What the task requires: Exact reproduction is required for the lines below starting at the line with "館内のバレンタインデコレーション" and ending at the line with "Check Inn Taichung Ziyou מראה חיצוני תמונה", both included. No other lines, and no pictures.

Data provided:
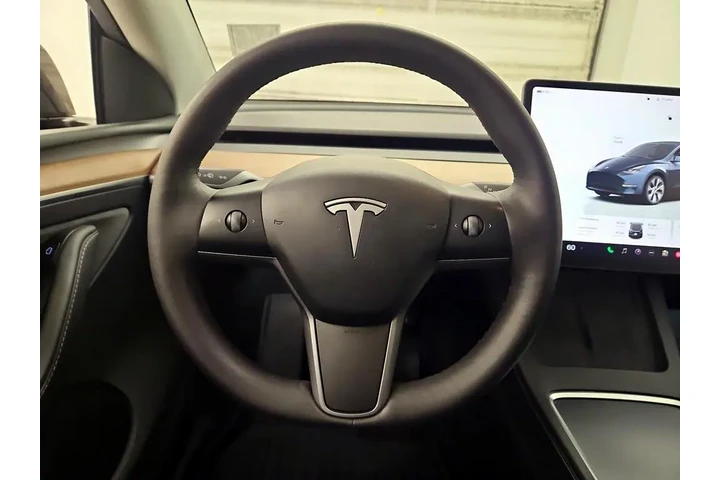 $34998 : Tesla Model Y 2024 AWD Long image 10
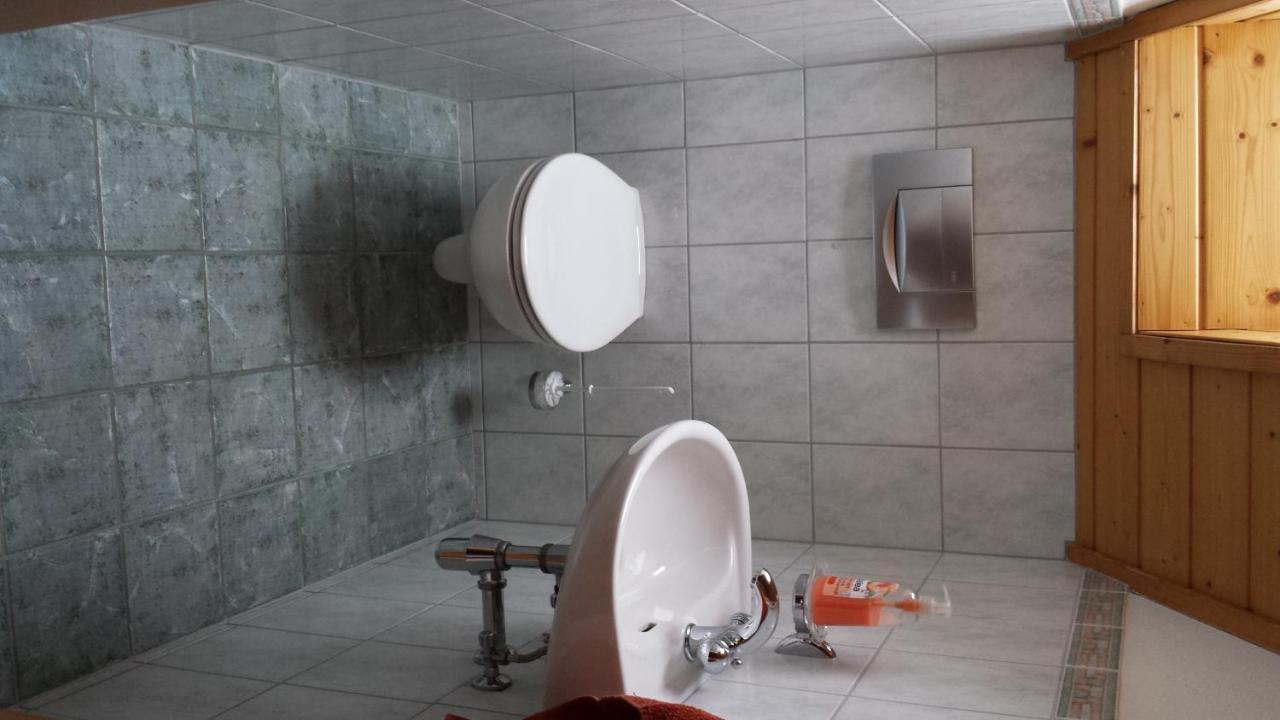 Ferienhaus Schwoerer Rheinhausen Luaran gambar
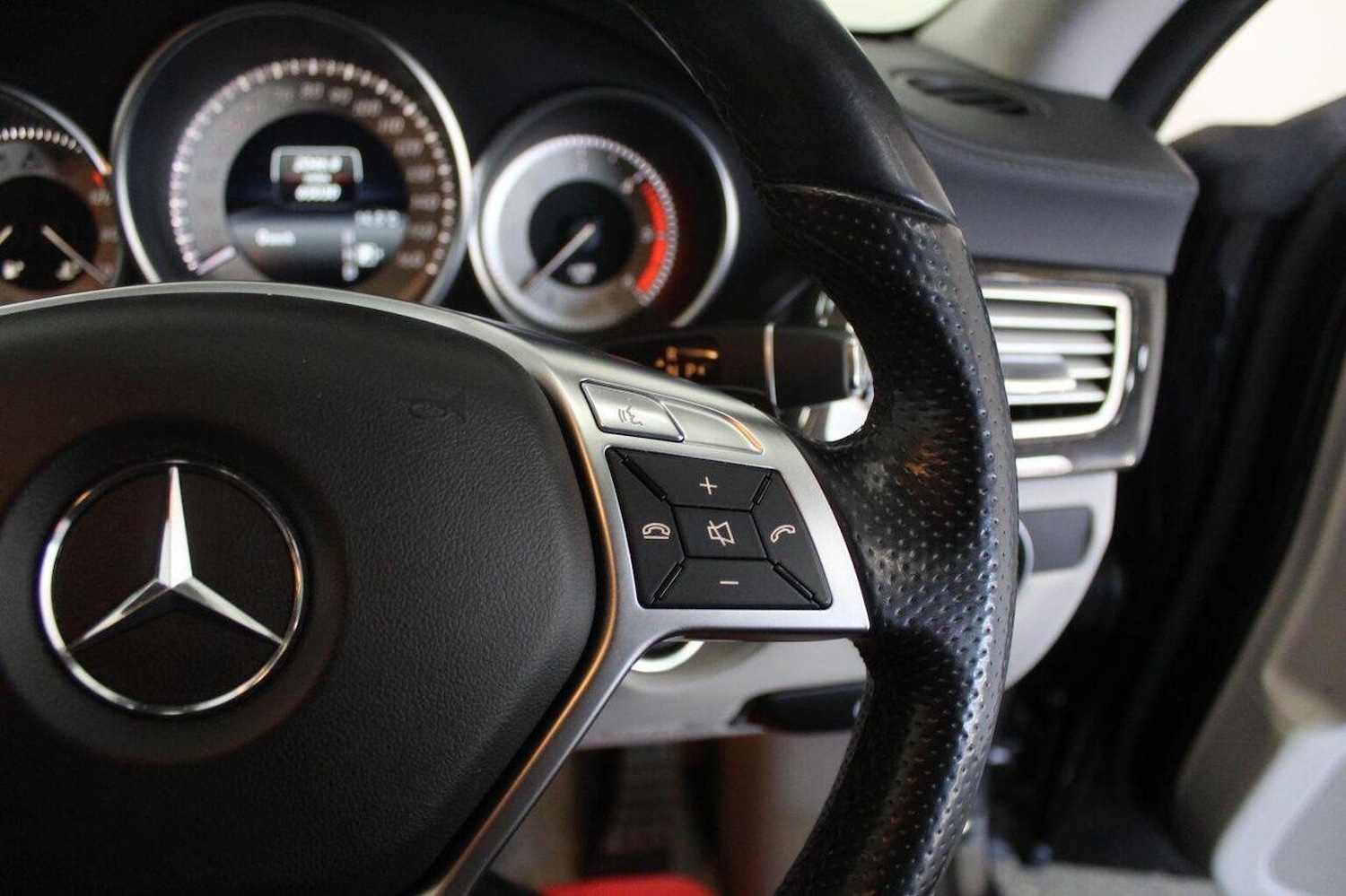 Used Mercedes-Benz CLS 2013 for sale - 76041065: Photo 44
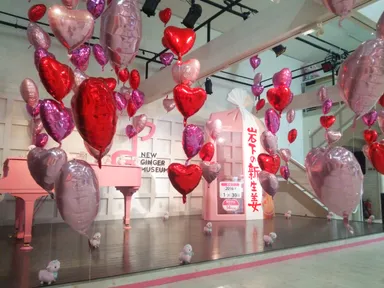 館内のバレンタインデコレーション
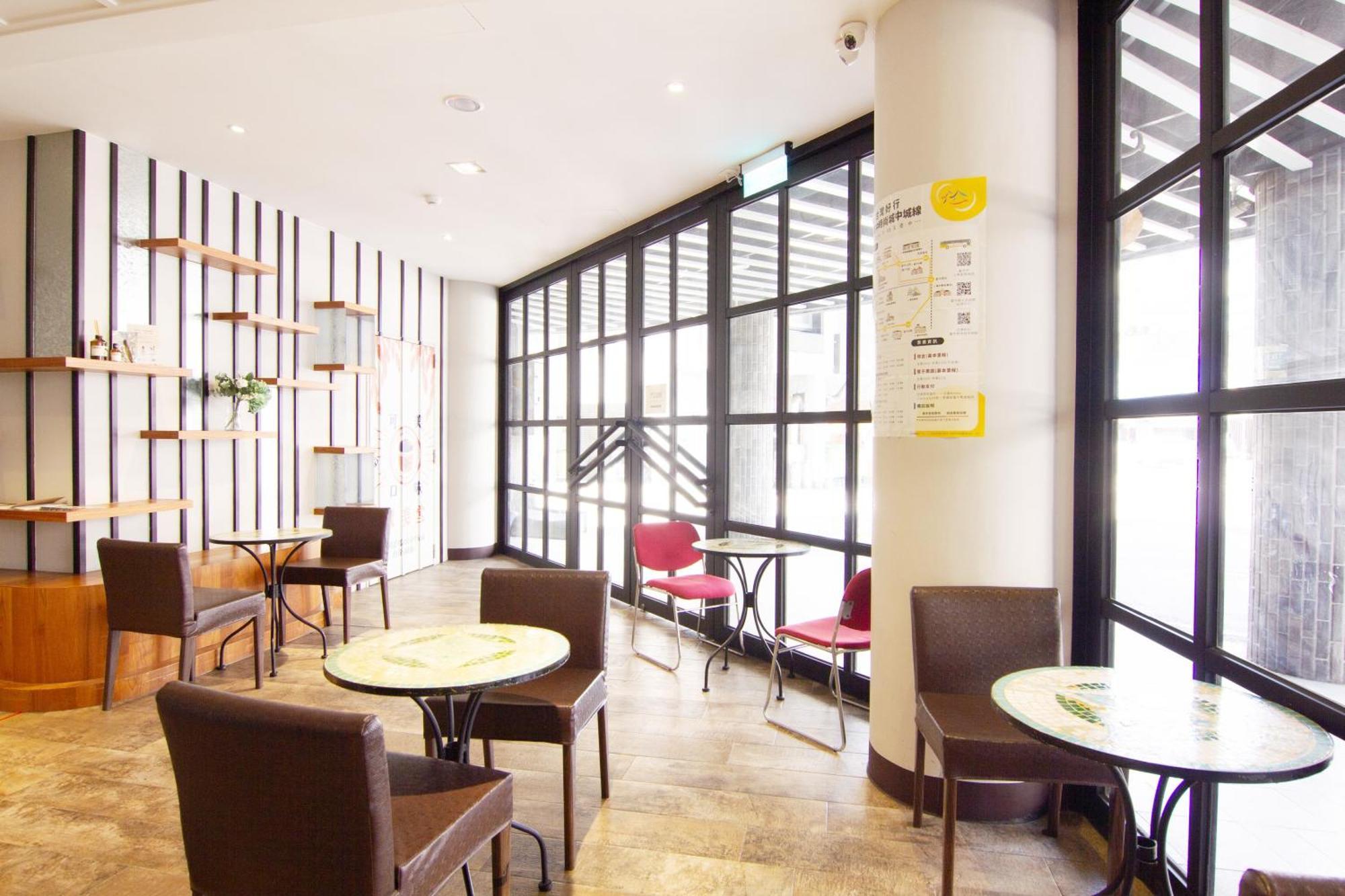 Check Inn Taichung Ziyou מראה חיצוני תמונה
---
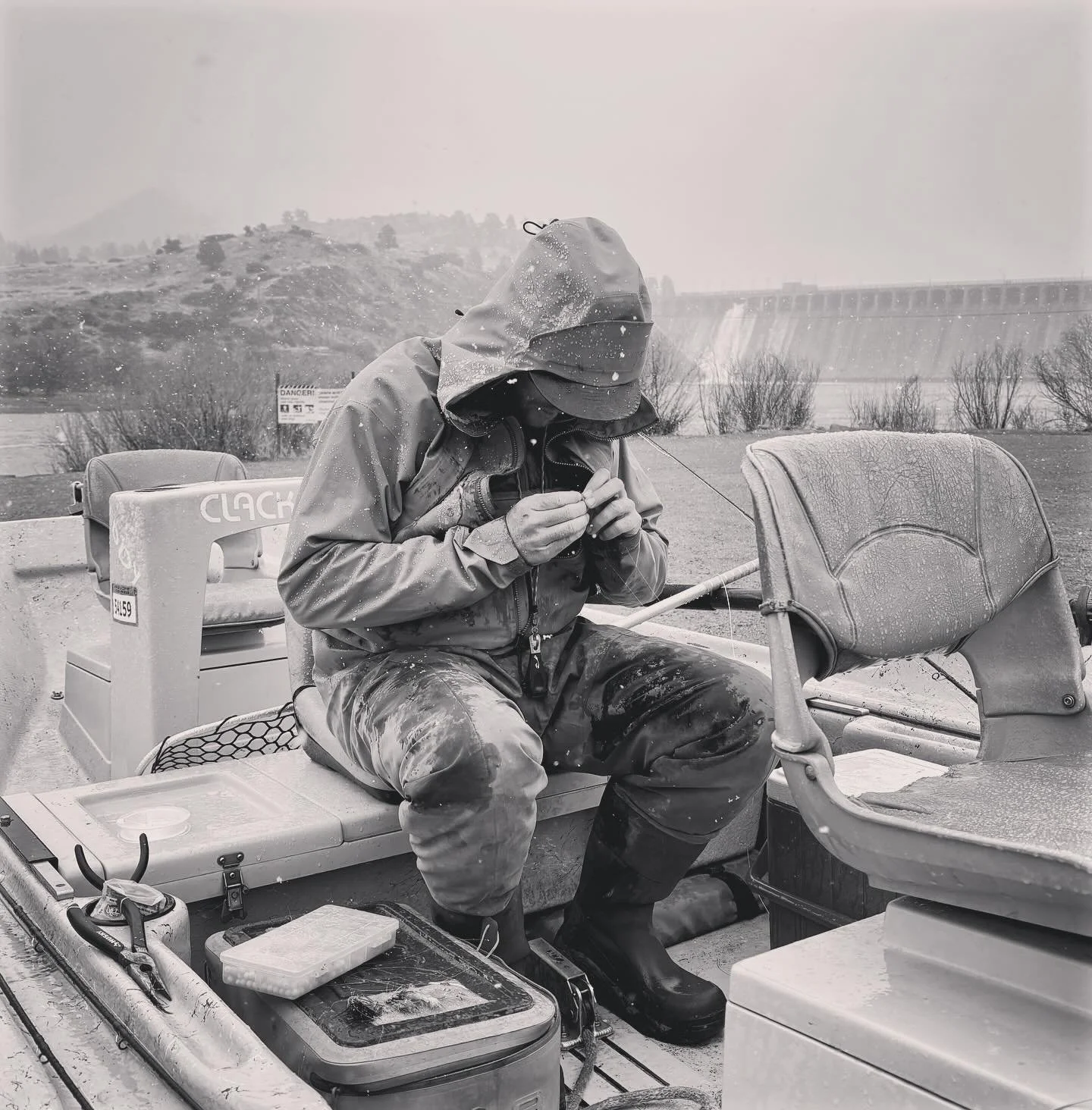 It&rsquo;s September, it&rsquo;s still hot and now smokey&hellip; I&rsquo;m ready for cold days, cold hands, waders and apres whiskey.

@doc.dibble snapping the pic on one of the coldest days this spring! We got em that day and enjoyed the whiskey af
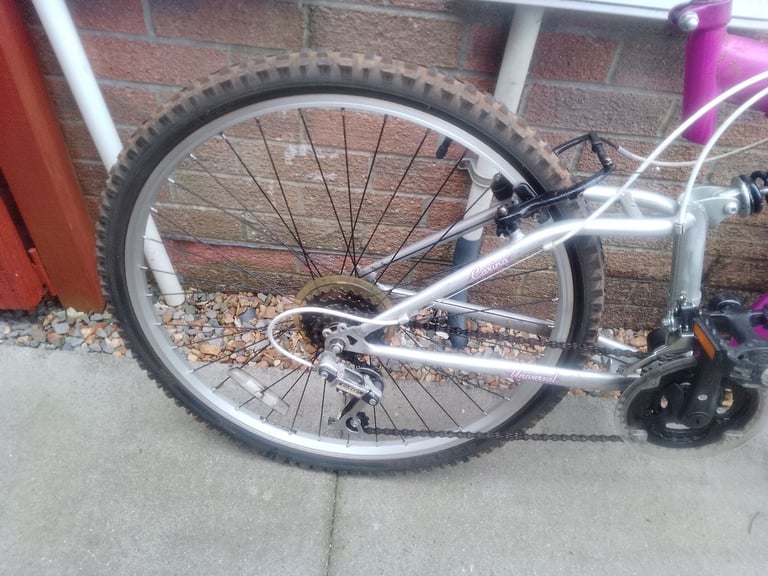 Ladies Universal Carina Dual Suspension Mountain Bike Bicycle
--
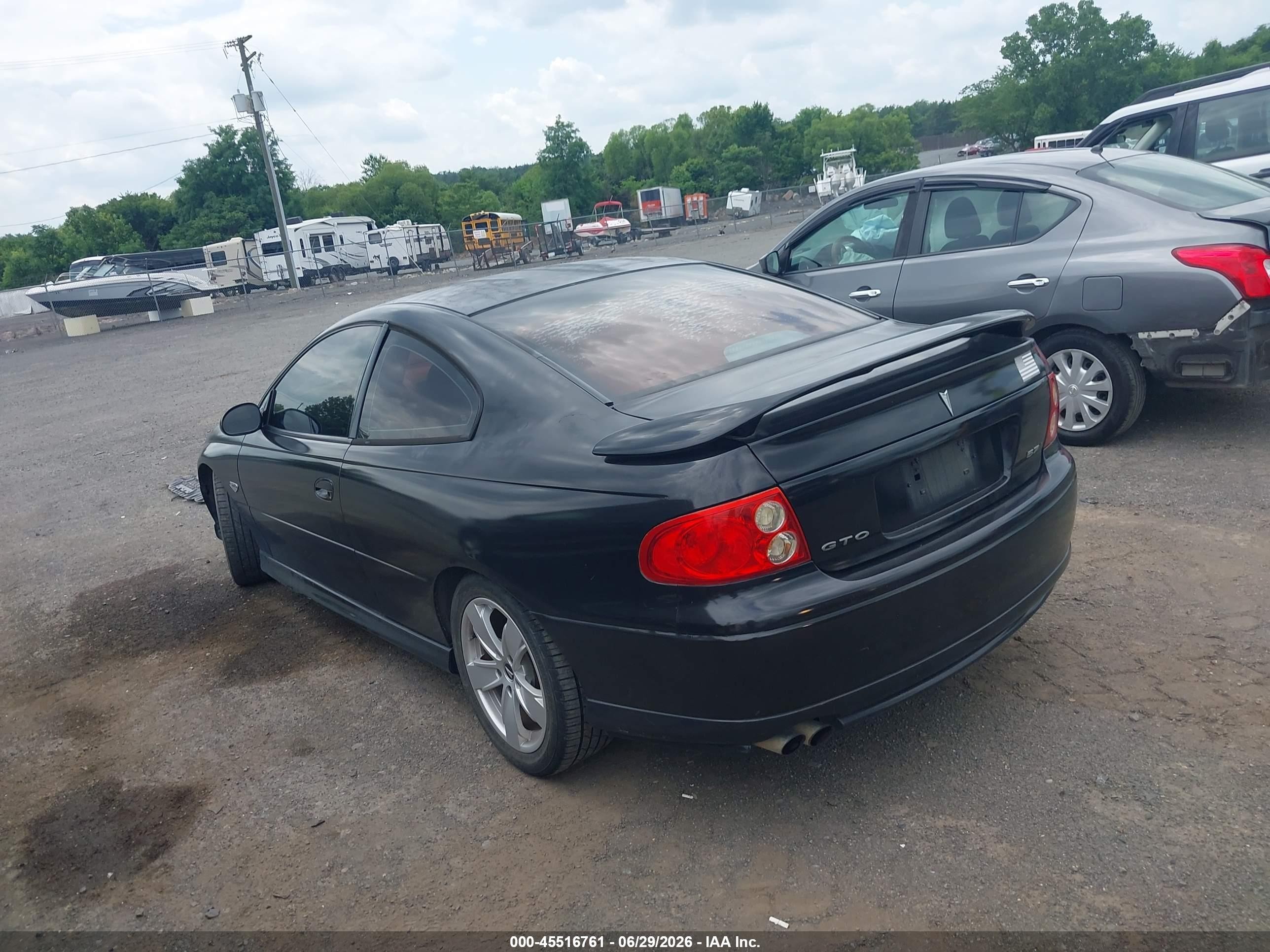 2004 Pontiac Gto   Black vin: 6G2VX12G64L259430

Task result:
 館内のバレンタインデコレーション
 Check Inn Taichung Ziyou מראה חיצוני תמונה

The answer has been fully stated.